An L-1 visa is a visa document used to enter the United States for the purpose of work in
L-1 status. It is a non immigrant visa, and is valid for a relatively short amount of time -
generally up to seven years. L-1 visas are available to employees of an international
company with offices in both a home country and the United States, or which intend to
open a new office in the United States while maintaining their home country interests.
The visa allows such foreign workers to relocate to the corporation's US office after
having worked abroad for the company for at least one year prior to being granted L-1
status. The US office must be a parent company, child company, or sister company to
the foreign company.

Spouses of L-1 visa holders are allowed to work, without restriction, in the US, and the
L-1 visa may legally be used as a steppingstone to the Green Card under the doctrine of
dual intent.

The L-1 visa has two subcategories: L-1A for executives and managers, and L-1B for
workers with specialized knowledge. L-1A status is valid for up to 7 years, L-1B for 5.
After the expiration of the 7 or 5 years respectively, the alien must leave the United
States for an aggregate of 365 days, and must work for a parent, subsidiary, affiliate or
branch of the U.S. company during that time before becoming eligible to reapply for an
L-1 visa.

There are two types of L-1 procedures:

Regular L-1 visas, which must be applied for and approved for each individual by the
U.S. Citizenship and Immigration Services (USCIS); and
Blanket L-1 visas which are available to employers who hire large numbers of
Intracompany Transferees every year.
For a regular L-1 visa, the company must file a petition with the USCIS and each petition
is evaluated on its own merits.

Application for an L-1 visa begins with the filing of a petition with the U.S. Citizenship &
Immigration Services (USCIS) on Form I-129, along with supporting documentation
showing that both the U.S. company and the foreign parent, subsidiary, affiliate or
branch meet the qualifying factors set forth in the law and regulations.

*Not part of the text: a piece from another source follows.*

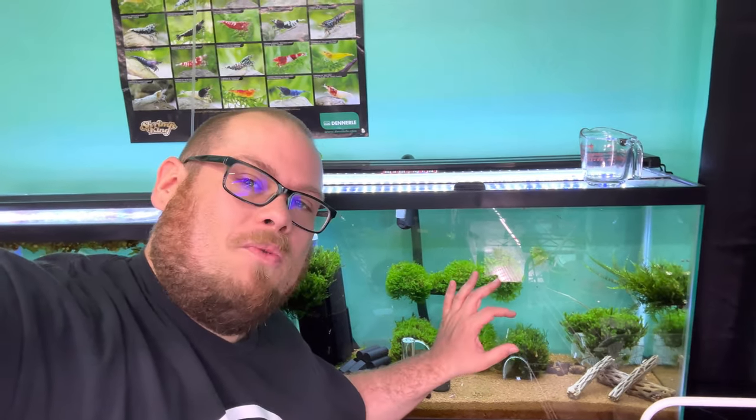Hey everyone, Kyle here from Poseidon Spets. Today I'm going to teach you how to grow moss for profit. I've been working on this video for the last six months or so. If you want to have a nice moss farm like this, if you want to make some extra money growing moss, then stay tuned. Let's get to it and learn how to grow moss for profit.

Notice of approval of the Form I-129 is given by the USCIS on a Notice of Action,Form
I-797, and using this as the basis of the application, the alien may apply for visa issuance
at a consulate or embassy of the United States in the country having jurisdiction over
their residence.

Applicants who are in the United States at the time of the filing of the I-129 can request a
change of status from their present immigration status (i.e. visitor, student, etc.), so long
as they are in status at the time of the filing of the I-129. If they go out of status after the
filing, but before approval, there is no negative consequence, and the person does not
accrue unlawful presence.

Upon application at the consulate or embassy, the spouse and children of the primary
applicant who are under the age of 21 may be issued L-2 visas. Children of the primary
L-1 can attend school. The spouse of the primary L-1 can apply with the USCIS for
employment authorization after arriving in the United States and, after issuance of the
Employment Authorization Document(EAD, Form I-765), may thereafter work for any
employer.

For an L-1 visa applicant, "Dual Intent" is allowed: Unlike some classes of non-immigrant
visas (e.g., J-1 visas), L-1 applicants may not be denied a visa on the basis that they are
an intending immigrant to the United States, or that they do not have a residence abroad
which they do not intend to abandon.